Some considerations, or things you might want to clarify...

1. When in September? During the first half of the month, and especially around Labor Day, hotel prices in both Seattle and Vancouver are very high - bordering on astronomical - due to pressures from Alaska cruise passengers. After the middle of the month, hotel prices fall, sometimes dramatically, as that's after the end of cruise season. On the other hand, later in September can mean a higher chance of wet weather, but I don't know if that would be a major concern.

2. Any interest in national parks or other scenic areas? There are three national parks within driving range of Seattle - Mt. Rainier, Olympic NP and North Cascades NP, but each has its hard and easy aspects for visitors. Mt. Rainier can be done as a (long) day trip from Seattle, Olympic needs at least two, and preferably three days in order to see the main sights, and North Cascades NP has no visitor facilities within the park itself; hotels and other services are located on the periphery.

3. There are alternatives to the San Juan Islands which might offer comparable activities but with easier logistics. Google BC Sunshine Coast, Canadian Gulf Islands, Whidbey Island and Vashon Island. What activities did you have in mind for the San Juans?

4. Google Queen Elizabeth II Park, Bloedel Conservatory, and Van Dusen Gardens in Vancouver as possible (free and/or cheap) alternatives to Butchart Gardens on Vancouver Island. Also google the Bloedel Reserve on Bainbridge Island, accessed by ferry from downtown Seattle.

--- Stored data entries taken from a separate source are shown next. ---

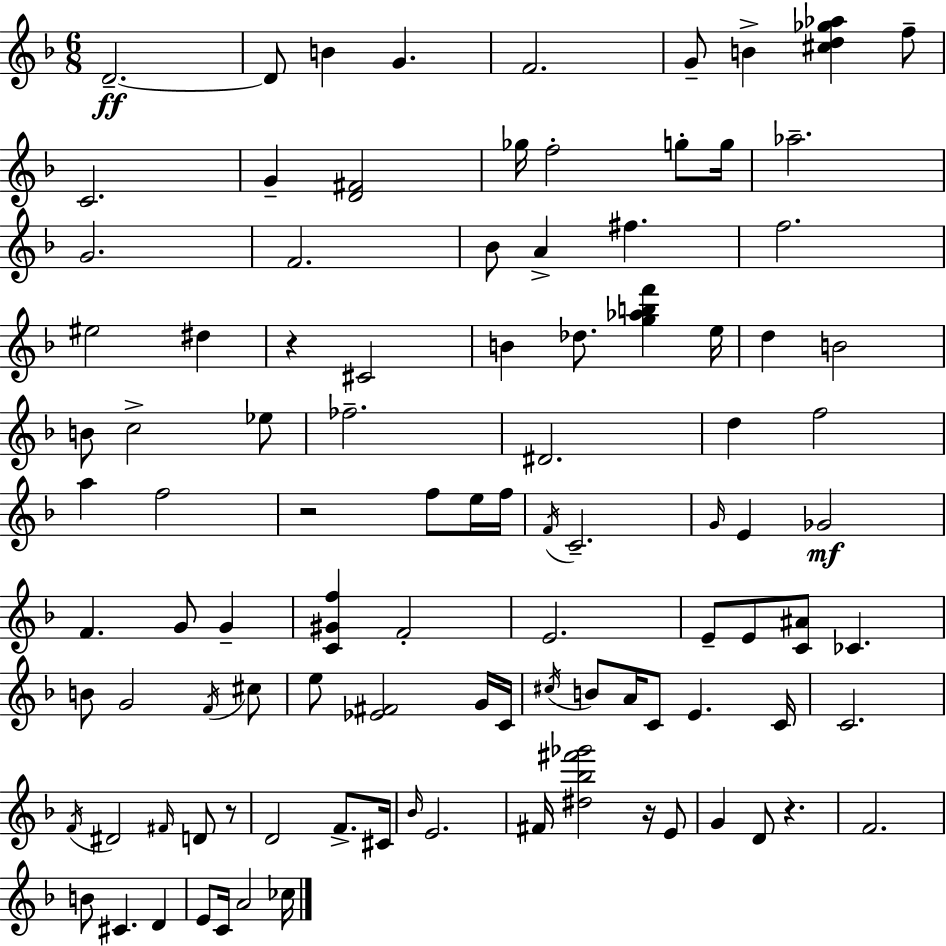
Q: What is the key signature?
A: F major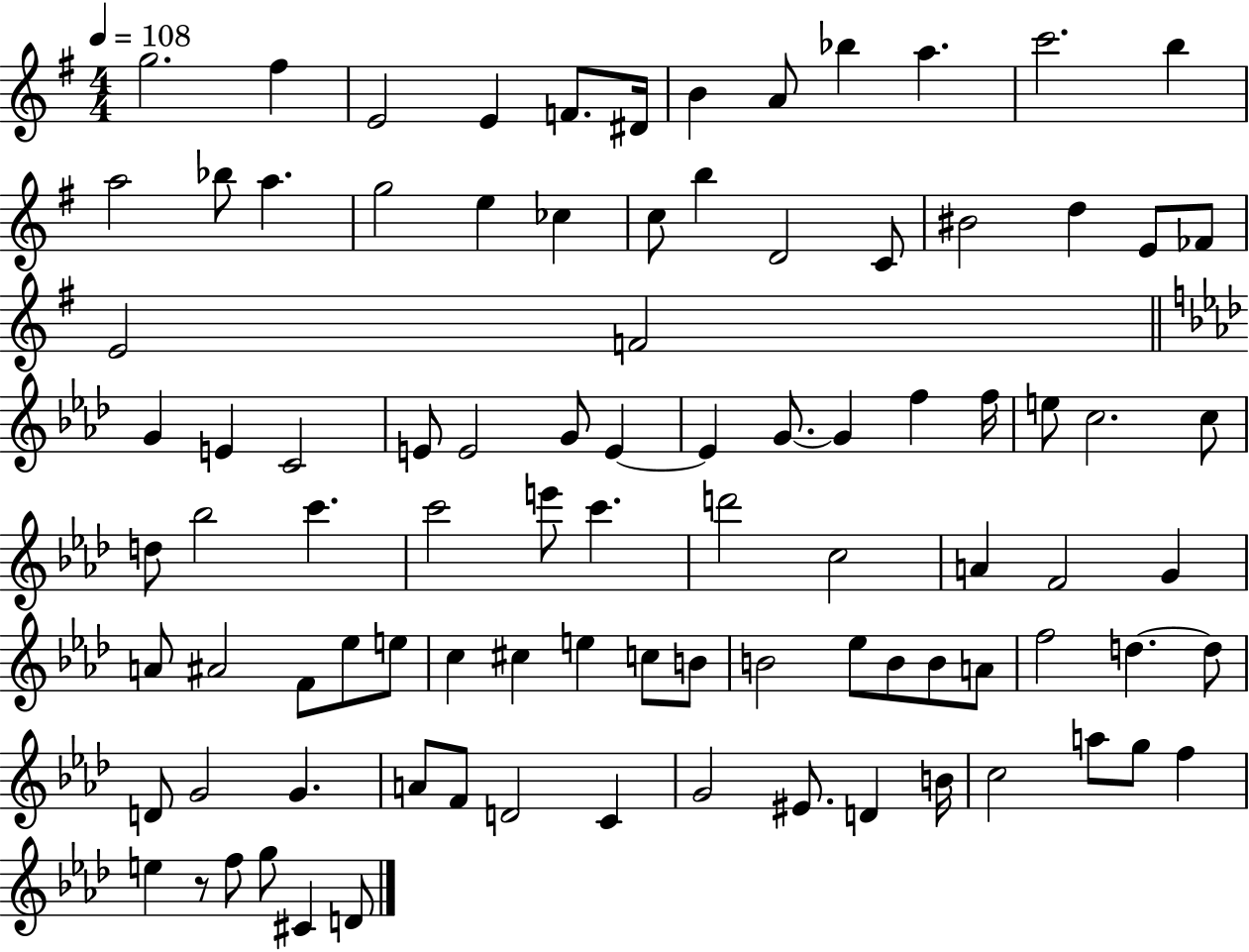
G5/h. F#5/q E4/h E4/q F4/e. D#4/s B4/q A4/e Bb5/q A5/q. C6/h. B5/q A5/h Bb5/e A5/q. G5/h E5/q CES5/q C5/e B5/q D4/h C4/e BIS4/h D5/q E4/e FES4/e E4/h F4/h G4/q E4/q C4/h E4/e E4/h G4/e E4/q E4/q G4/e. G4/q F5/q F5/s E5/e C5/h. C5/e D5/e Bb5/h C6/q. C6/h E6/e C6/q. D6/h C5/h A4/q F4/h G4/q A4/e A#4/h F4/e Eb5/e E5/e C5/q C#5/q E5/q C5/e B4/e B4/h Eb5/e B4/e B4/e A4/e F5/h D5/q. D5/e D4/e G4/h G4/q. A4/e F4/e D4/h C4/q G4/h EIS4/e. D4/q B4/s C5/h A5/e G5/e F5/q E5/q R/e F5/e G5/e C#4/q D4/e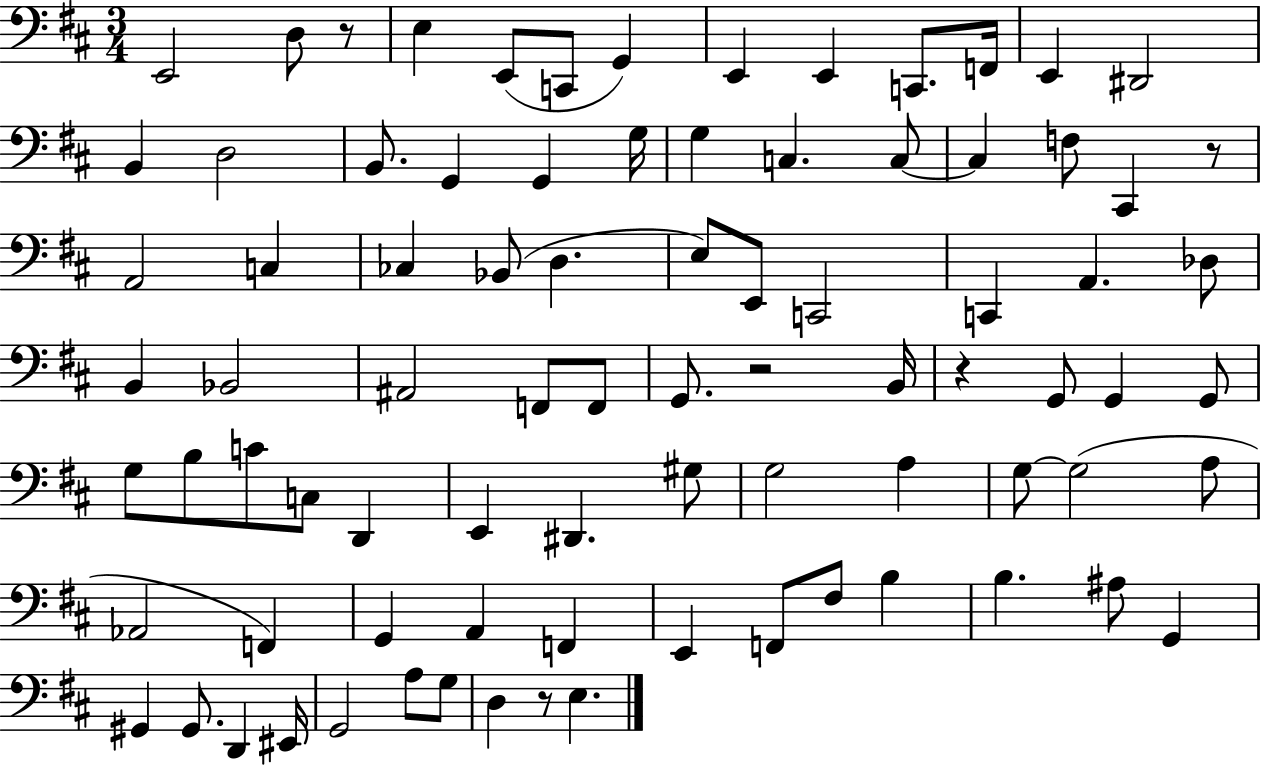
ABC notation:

X:1
T:Untitled
M:3/4
L:1/4
K:D
E,,2 D,/2 z/2 E, E,,/2 C,,/2 G,, E,, E,, C,,/2 F,,/4 E,, ^D,,2 B,, D,2 B,,/2 G,, G,, G,/4 G, C, C,/2 C, F,/2 ^C,, z/2 A,,2 C, _C, _B,,/2 D, E,/2 E,,/2 C,,2 C,, A,, _D,/2 B,, _B,,2 ^A,,2 F,,/2 F,,/2 G,,/2 z2 B,,/4 z G,,/2 G,, G,,/2 G,/2 B,/2 C/2 C,/2 D,, E,, ^D,, ^G,/2 G,2 A, G,/2 G,2 A,/2 _A,,2 F,, G,, A,, F,, E,, F,,/2 ^F,/2 B, B, ^A,/2 G,, ^G,, ^G,,/2 D,, ^E,,/4 G,,2 A,/2 G,/2 D, z/2 E,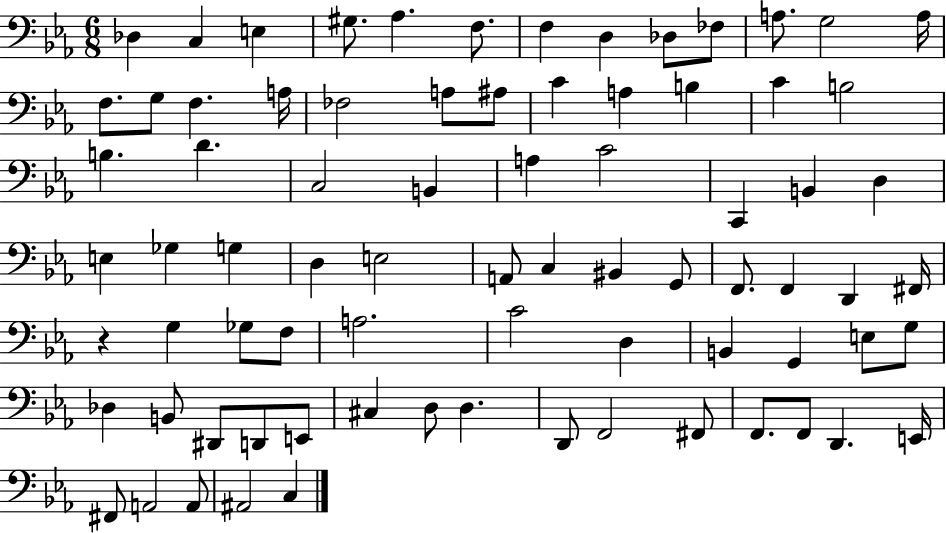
Db3/q C3/q E3/q G#3/e. Ab3/q. F3/e. F3/q D3/q Db3/e FES3/e A3/e. G3/h A3/s F3/e. G3/e F3/q. A3/s FES3/h A3/e A#3/e C4/q A3/q B3/q C4/q B3/h B3/q. D4/q. C3/h B2/q A3/q C4/h C2/q B2/q D3/q E3/q Gb3/q G3/q D3/q E3/h A2/e C3/q BIS2/q G2/e F2/e. F2/q D2/q F#2/s R/q G3/q Gb3/e F3/e A3/h. C4/h D3/q B2/q G2/q E3/e G3/e Db3/q B2/e D#2/e D2/e E2/e C#3/q D3/e D3/q. D2/e F2/h F#2/e F2/e. F2/e D2/q. E2/s F#2/e A2/h A2/e A#2/h C3/q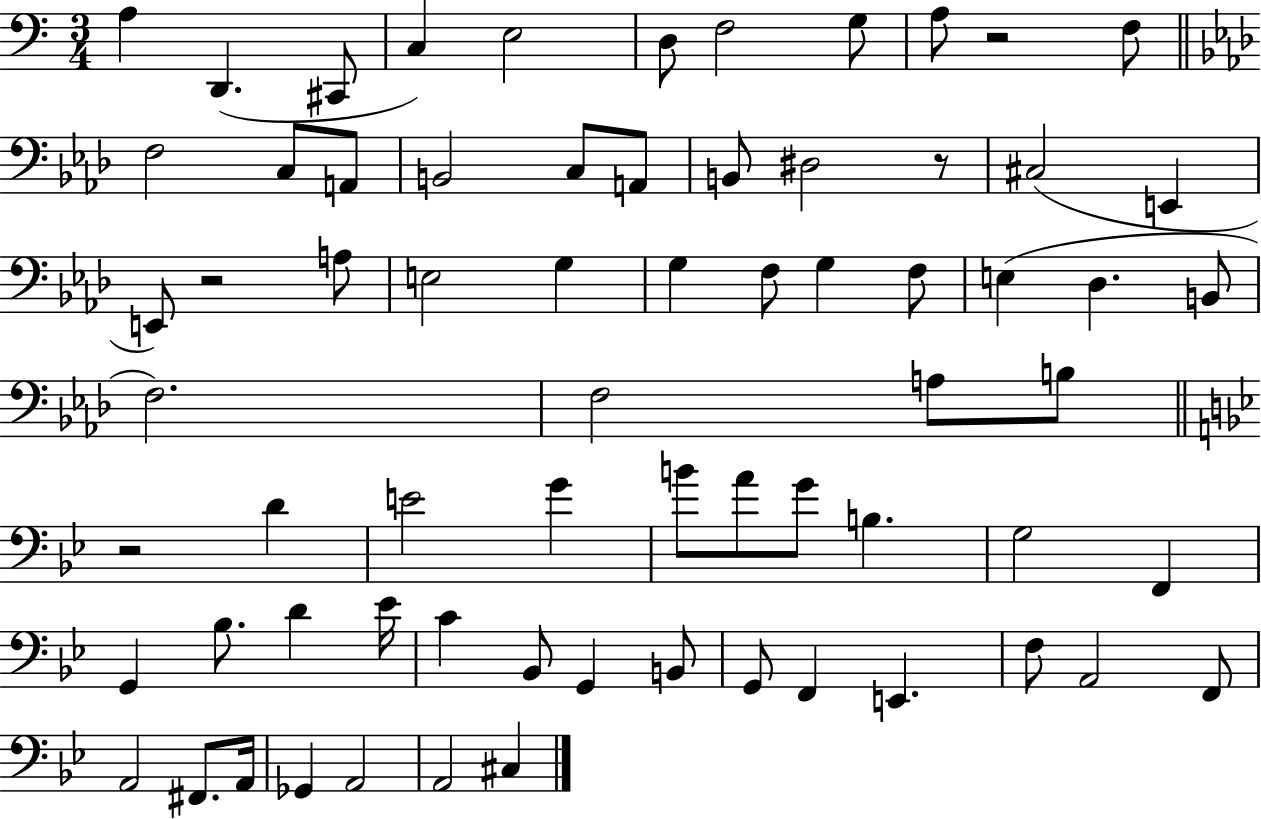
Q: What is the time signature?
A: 3/4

Logistics: A rental car will be the best way to get around. If you want to stay in downtown Seattle, hotel parking can be very pricey, but with a car you can stay outside the downtown area and have free or cheap parking and also access to public transportation. The hotel costs will likely be cheaper too, but of course time becomes the tradeoff.

You'll need to be aware of ferry routes, timing and prices. Here are the relevant websites, and note summer schedules won't be published for several months yet.

Washington State Ferries -
BC Ferries -
Black Ball (Coho) ferry (Victoria - Port Angeles) -

Offhand I'd say 8 days is about the minimum I'd plan if you want to see the places you've listed. In drive times, Vancouver and Seattle are roughly 4 hours apart counting nominal time at the border (don't forget passports.) Getting to Victoria from either Vancouver or Seattle takes half a day at least, the same goes for getting to and from the San Juan Islands from Seattle. Whistler is 2 hours (could be a bit less) from downtown Vancouver. If your travel includes Labor Day weekend, add significant time to any route involving a ferry, as wait times can be very lengthy.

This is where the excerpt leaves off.